Slow and steady feature analysis: higher order temporal coherence in video

This paper proposes a novel regularizer for semi-unsupervised image embedding. Originally, slow feature analysis (SFA) suggests that feature representation for temporally close frames exhibit small difference. Thus, the distance Dist1 (Feature Vecture 2- Feature Vecture 1) should be small. SFA forces slow feature representation change between nearby frames. To avoid the trivial solution, Fect Vect 1 = Feat Vec 2 = 0, a contrastive loss function is proposed. SFA lacks future predictability; meaning Dist 1 and Dist 2 are expect to be small, yet, no relationship couples Dist 1 and Dist 2.

The steady slow feature analysis (SSFA), proposed in this paper, impose such predictability constraint. So, on top of Dist 1 and Dist 2 being small, Dist 1 approximates Dist 2 and vice versa. Such regularizer imposes 2nd order temporal coherency.

The novel regularizer is evaluated through recognition and sequence completion tasks. In sequence completion, given two frames, their corresponding feature vectors FV1, FV2 are computed.The third frame is predicted from a large pool of candidate images. Since FV2 - FV1 (Dist 1) = FV3 -FV2 (Dist 2), the third frame is the frame with FV3 = 2 * FV2- FV1.

Given two query frames, A pool of candidate frames are sorted, according to SSFA constraint, and the top three candidate frames are returned.

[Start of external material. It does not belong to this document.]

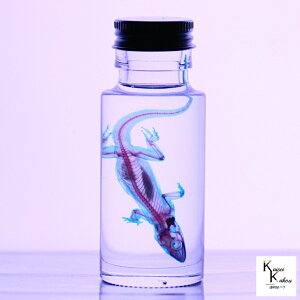 uW{@qIv ȁ@W{@@i@@CeA@G݁@skelton XPg@NA@r@OZ@U@@lbNX@}Olbg@V[@t@C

In recognition experiments, multiple loss functions are used to train a CNN network. The following losses are evaluated: L1 is pure supervised loss (SUP), L2 is SUP + SFA without contrastive, L3 for SUP + SFA with contrastive and finally L4 for SUP + SFA + SSFA constraints. L4, using SSFA constraint, outperforms the other loss functions.

I write reviews on computer vision papers. Writing tips are welcomed.